ただ、微妙なのは「鮮魚のムニエル」。「鮮魚」という表現があいまいだからだ。例えば「鮮魚店」という看板は普通に掲げられているが、通常そこでは、冷凍品も普通に売られている。JASには「鮮魚」という分類はなく、「生鮮食品」と「加工品」の区別しかない。そして「生鮮食品」には冷凍した魚を解凍したものも含まれている。もっとも解凍したものは「解凍」と表記すべしとされている。

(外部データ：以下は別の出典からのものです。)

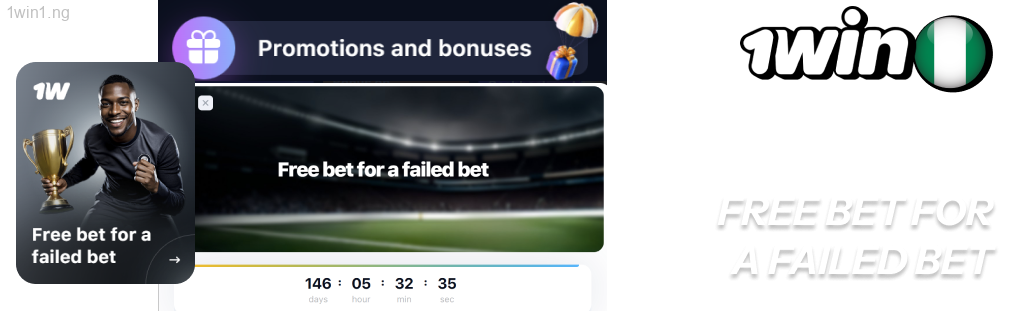 1win provides a weekly free bet to Nigerian players for betting on matches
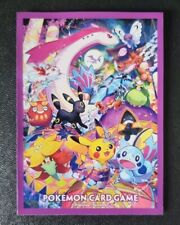 1 SLEEVE N°043 POKÉMON
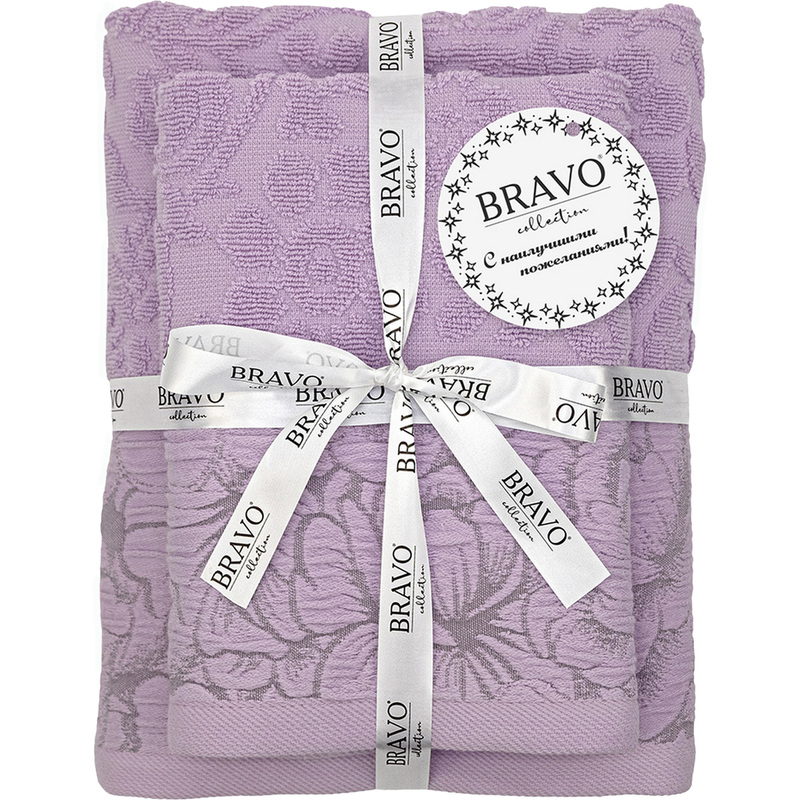 Изображение товара Набор полотенец махровых 2 штуки 50x70/70x120 см 450 г/кв.м сиреневые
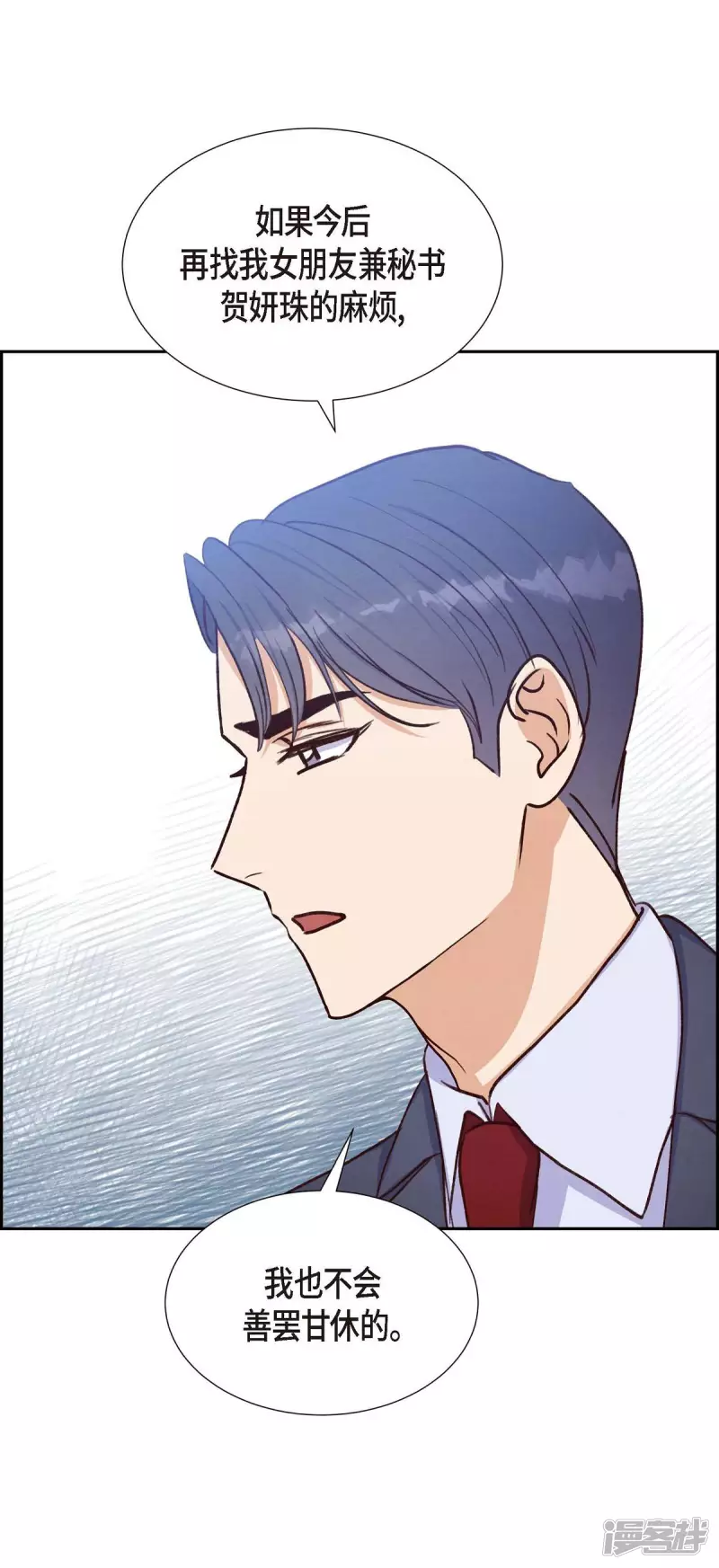 第26话 下雪的冬海(1/2)-第26话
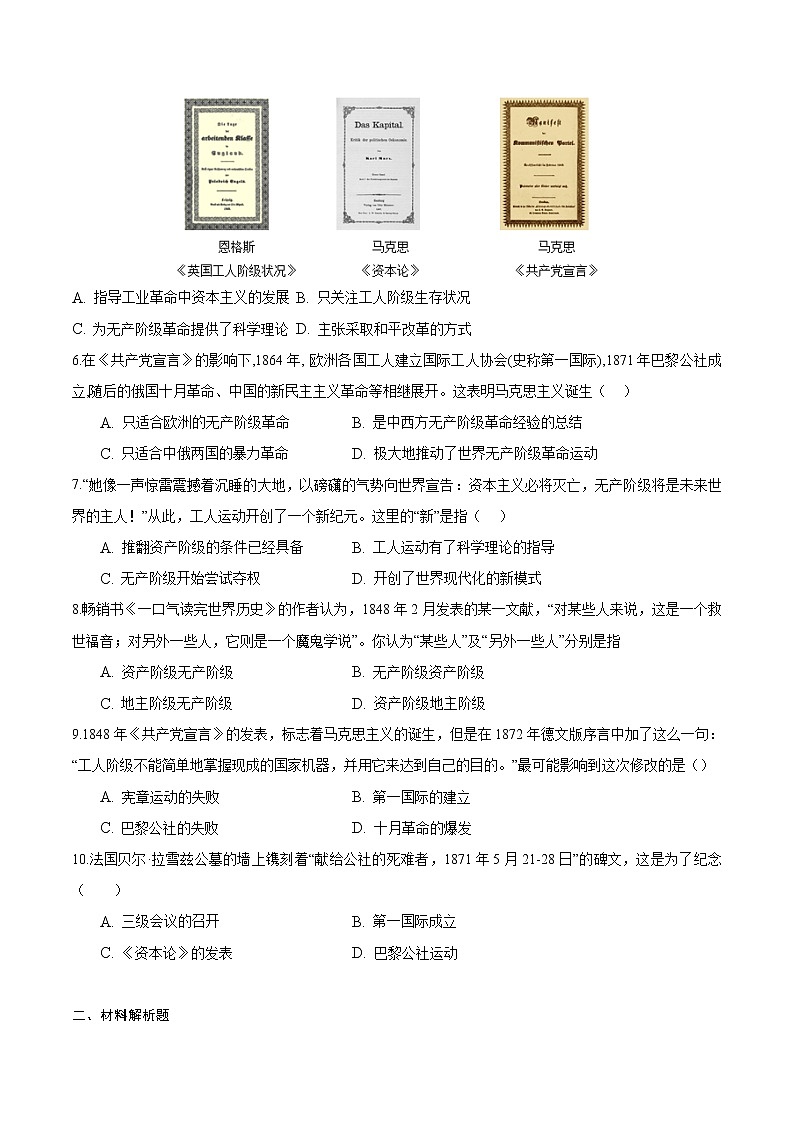 【培优分级练】部编版历史 九年级上册 第21课《马克思主义的诞生和国际共产主义运动的兴起》同步分级练（含解析）02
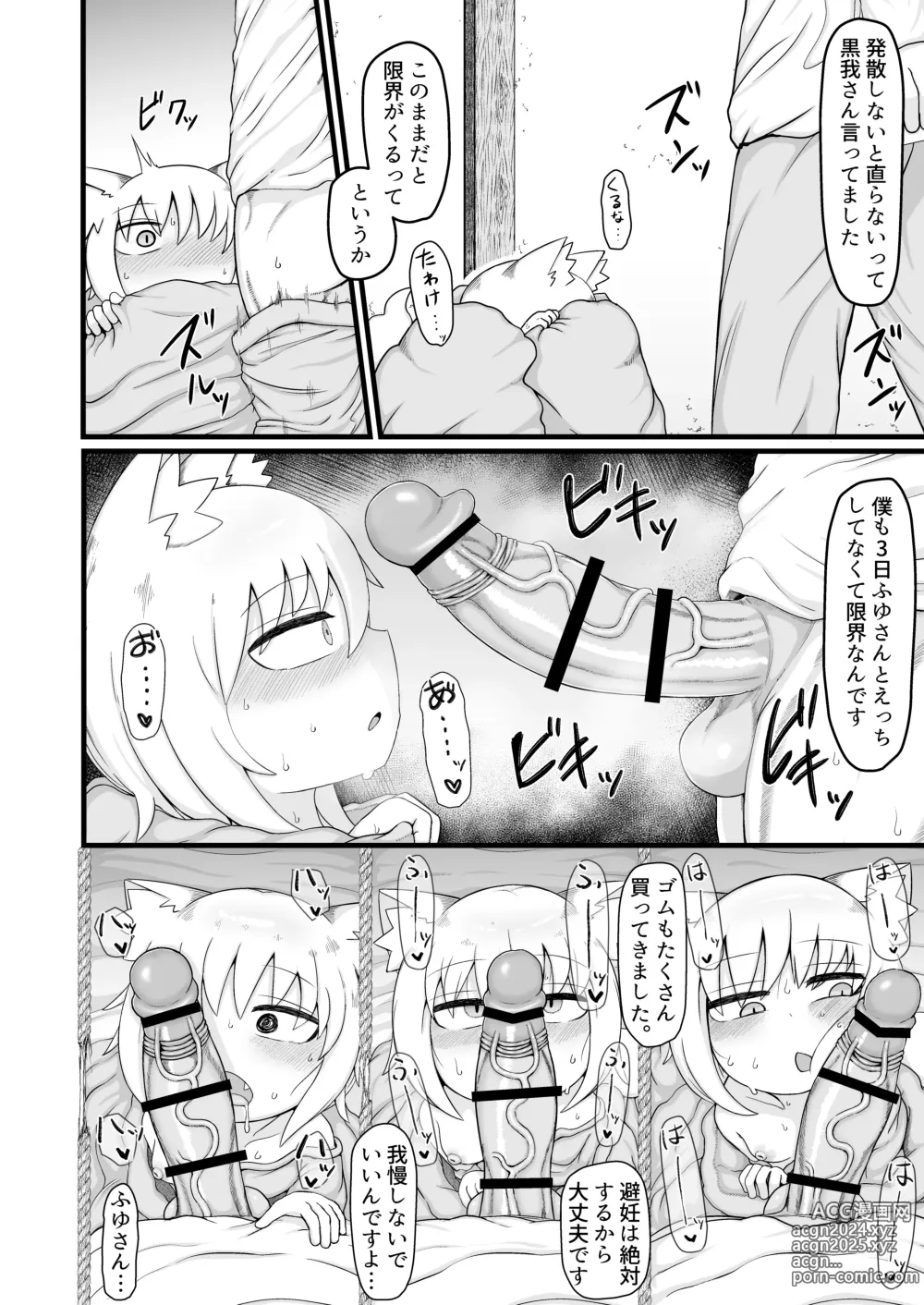 Page 41 of doujinshi Loli Baba Okaa-san wa Oshi ni Yowai 9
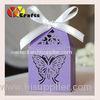 Butterfly small wedding gift boxes cheap for cake and candy purple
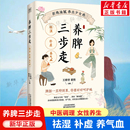 补虚 新华正版 养气血 意识 家庭医生生活保健书籍 日常养脾技巧书 中医养脾指南中医养生保健方案 养脾三步走 书籍 健脾养脾 祛湿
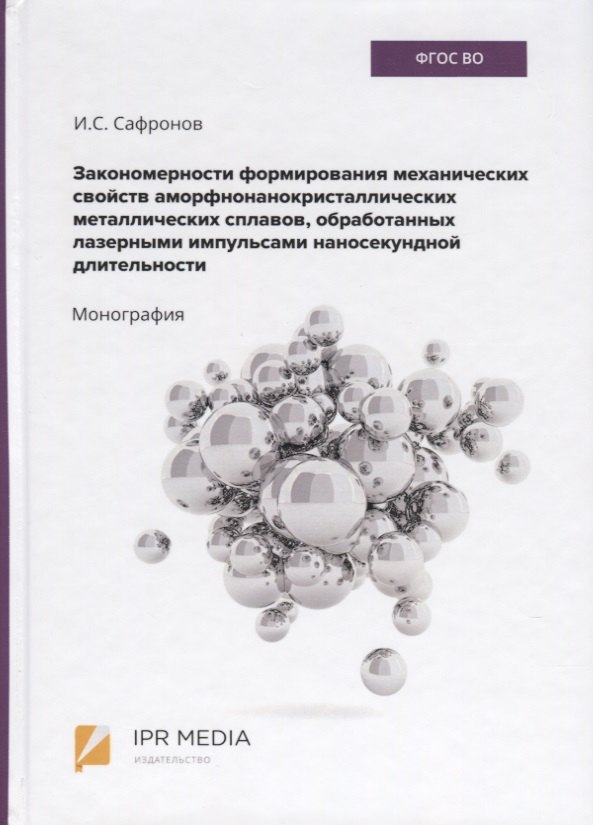 

Закономерности формирования механических свойств аморфно-нанокристаллических металлических сплавов, обработанных лазерными импульсами наносекундной длительности. Монография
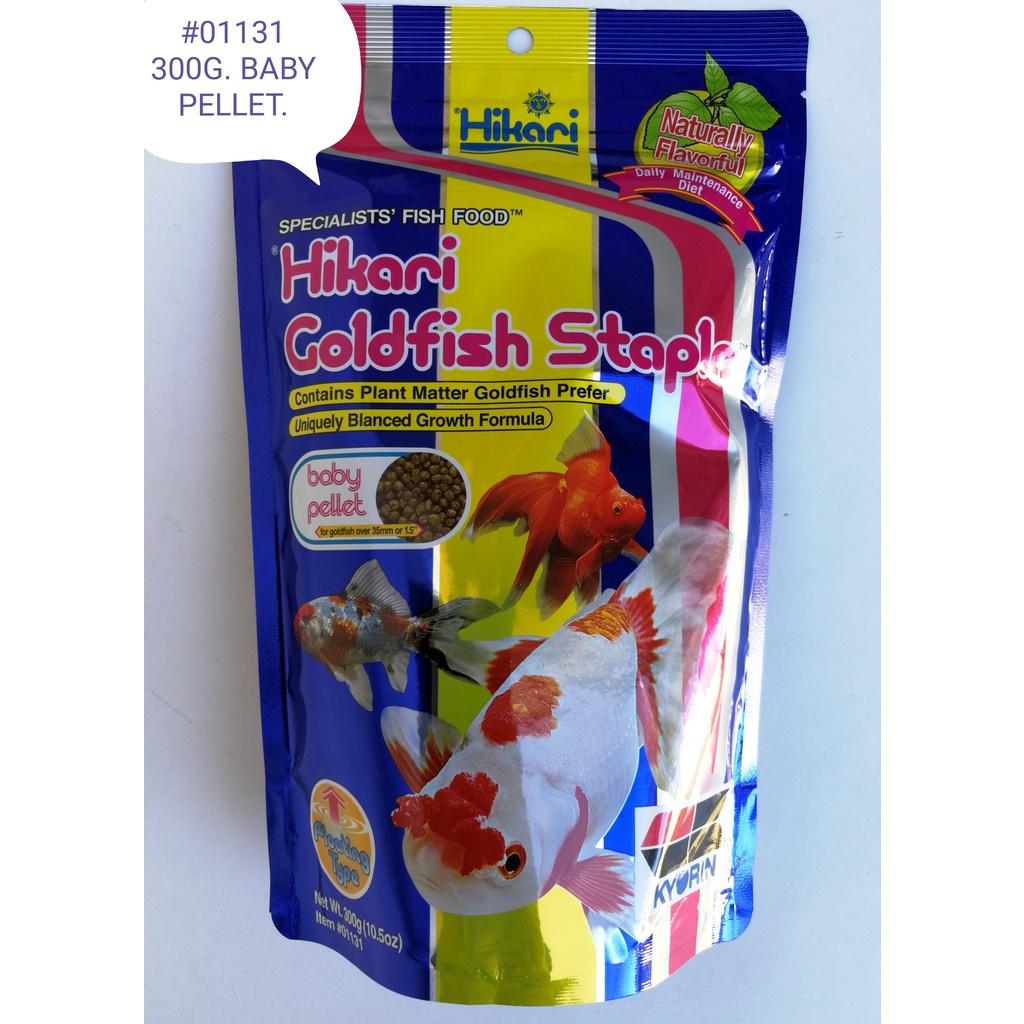 Hikari Goldfish Staple Aquarium Fish Food Feed 300gram Floating Baby Pellet Makanan Ikan Emas Akuarium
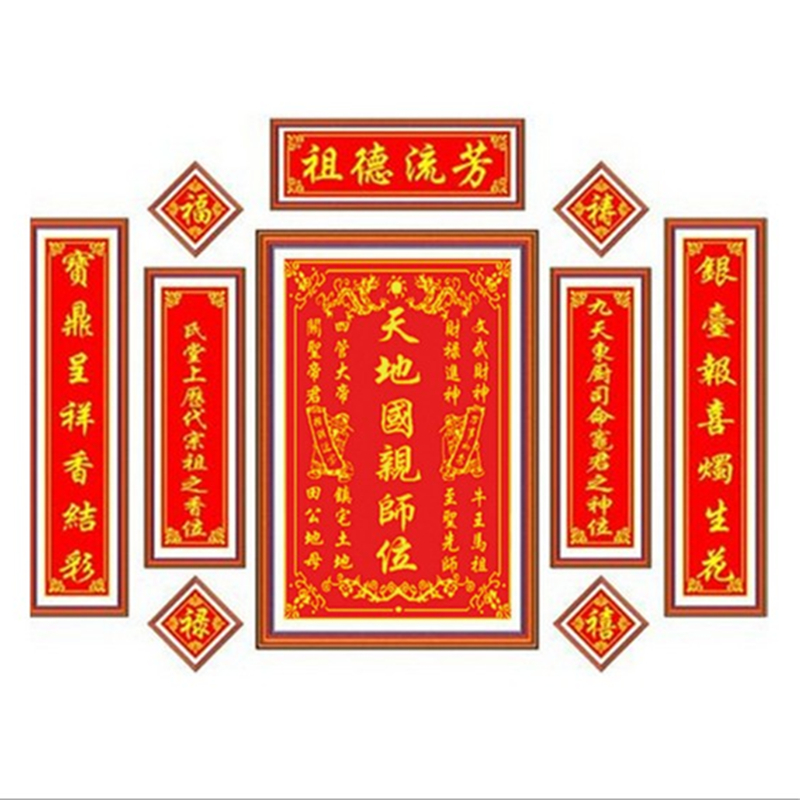 天地国亲师位十字绣中堂画对联福禄堂祖德流芳姓氏家神香火土地联 居家布艺 十字绣套件 原图主图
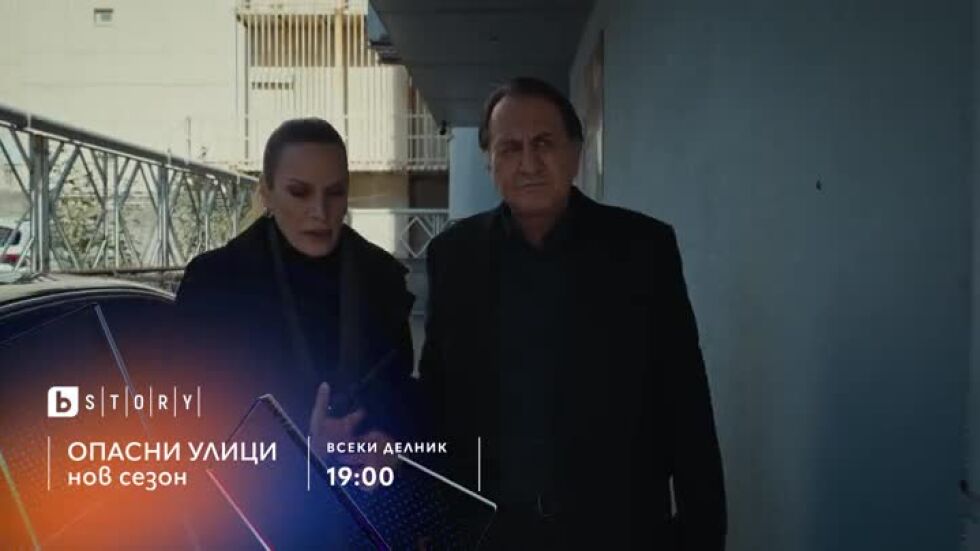 Опасни улици, премиера - всеки делник по bTV Story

鮮魚とは生鮮食品に該当する魚のことを言うから、冷凍品も含まれるし、調理したものについてはJAS表示は必要がないから、解凍とか、冷凍とかの表記は不要だと言う考え方もあるかもしれない。そもそも「鮮魚」の意味を調べても、ネットだと「新鮮な魚」くらいしか書かれていないため、冷凍品でも新鮮なうちに冷凍したものであれば鮮魚と言っていいのではないかという意見もあるだろう。
「芝海老」も微妙だ。昔は東京の芝というところの沖で獲れたため、この名前がついたが、今では東京湾に芝海老はほとんどおらず、日本の各地で取れた同種のエビが「芝海老」と言われている。そうすると、国内の同種のエビだったら芝海老と呼んでも良いが、外国産の同種のエビであれば芝海老と呼んではいけないのか、このあたりもはっきりしない。
ただ、一つ言えるのは、このように呼称がはっきりしないものについては、会社の方で「この素材は、この呼び方をする」というルールを作るべきだろう。そうでないと現場が混乱する。大手企業であれば、呼称を決定するのに第三者も入れておいた方が良いかもしれない。後で問題になった後「身内だけで決めたのではバイアスがかかる可能性もあるので、外部からも人を入れた」と言えるかどうかで社会の反応もかなり違ってくるだろう。
もう一つは「君子危うきに近寄らず」ということになろうか。社内でこうした議論をすると、売上を上げたい営業サイドからは、「ほかの会社と同じ表示をしていたのでは売り上げは上がらない、この程度の表記であれば、どこの会社でもやっている。」と強く言われるだろうが、コンプライアンスの観点からもいうべきことを言っておかないと、あとになってレピュテーションリスクを生じる場合がある。そしてそのリスクは虚偽表示をして伸ばした売上以上のものになる可能性が往々にしてある。